No movement down the back of the cabin.

Pressing against the siding, I made my way back to the front where the living room and kitchen would be.

I kept my height beneath the window frames, listening for any hint of what room Elle was a prisoner in.

The sound of chains dragging on hardwood screeched in my ears from a cracked window.

He’s chained her up?

That motherfucker.

He’d pay for this. Over and over, he’d pay.

He had his motherfucking hands on her.

Soon, I’d have mine on him.

Sounds of raised voices filtered through the afternoon, garbled and cut short as something thumped and then couch legs squeaked over floorboards.

I couldn’t stop myself.

I stood upright, keeping my body low but my eyes above the trim. Peering through the glass, my heart fucking stopped.

Greg had Elle pinned over the edge of the couch. Chains on her wrists and ankle. A gold nightdress shoved over her hips, exposing her nakedness below.

I thought seeing her vulnerable with half-torn clothes in the alley three years ago was enough for me to turn rogue.

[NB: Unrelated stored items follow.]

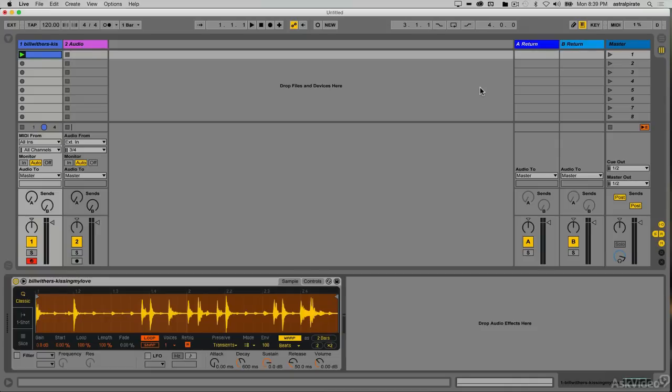Hey everybody, this is Ableton Certified Trainer Thavius Beck, back with another batch of tutorials discussing how to take advantage of some functions in the brand new and improved Simpler instrument.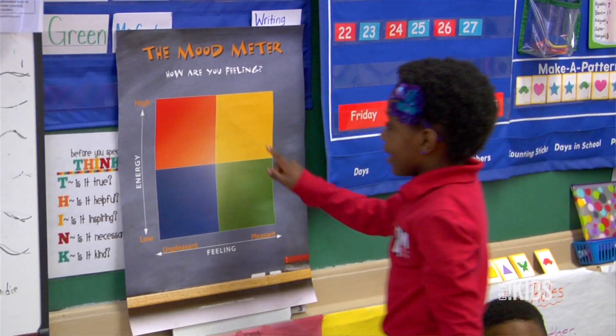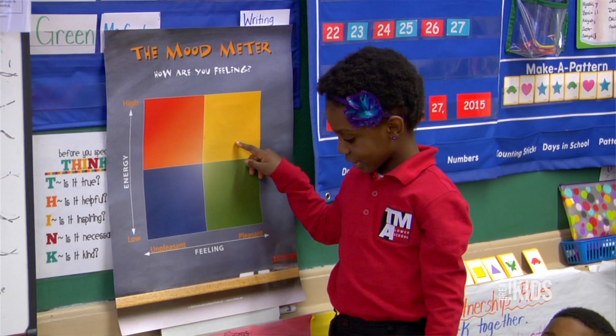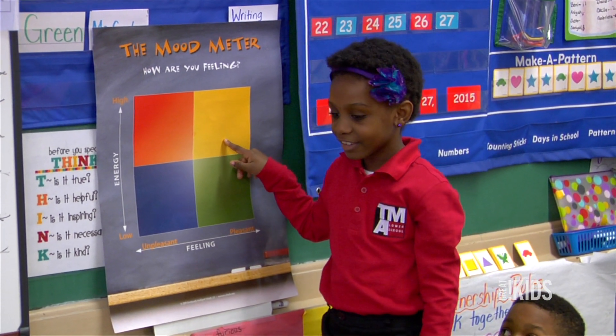You're able to take a look and say, okay, I feel very intensely pleasant — I'm really feeling pleasant now and I have a lot of energy about it. And then you would locate yourself, for example, in the yellow quadrant.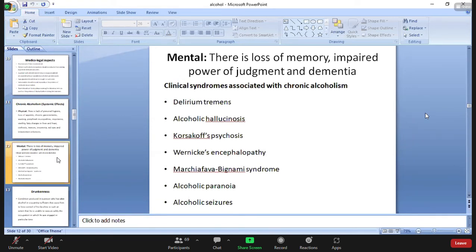Clinical syndromes associated with chronic alcoholism include delirium tremens, alcoholic hallucinosis, Korsakoff's psychosis, Wernicke's encephalopathy, Marchiafava-Bignami syndrome, alcoholic paranoia, and alcoholic seizures. Please go through these mental changes in detail.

This...this was enough for me to commit fucking murder.





Chapter Thirteen


Elle


I SCREAMED.

How could I not?

When a man who you’d just eaten lunch with, grew up with, someone you watched turn from boy to grown-up suddenly takes away all control and prepares to rape you—all common sense, conversation skills, and bartering flies out of comprehension.

I gave up pain and precaution.

I felt nothing but wildness and terror.

“Stop!” I kicked. I wiggled. I clawed at the couch.

“All it takes is for you to be nice to me, Elle. And this can go so much better for you.”

The promise whispered in my head to do something. To be generous with compliments if it meant he wouldn’t hurt me. But I physically gagged on such blasphemy.

He stroked my back, running his fingers over my naked hips as he wedged his jeans-clad cock against me. He didn’t move to unzip, but it didn’t stop his hardness from sending disgust gushing through my blood.

A shadow fell over the floor for the briefest second, wrenching my eyes to the window where sun spilled upon my ruin.

Perhaps a fellow vacation-maker had come to borrow a cup of sugar. Maybe a fisherman needed to dig in the garden for some worm-bait. Hopefully, some good Samaritan was here to save me.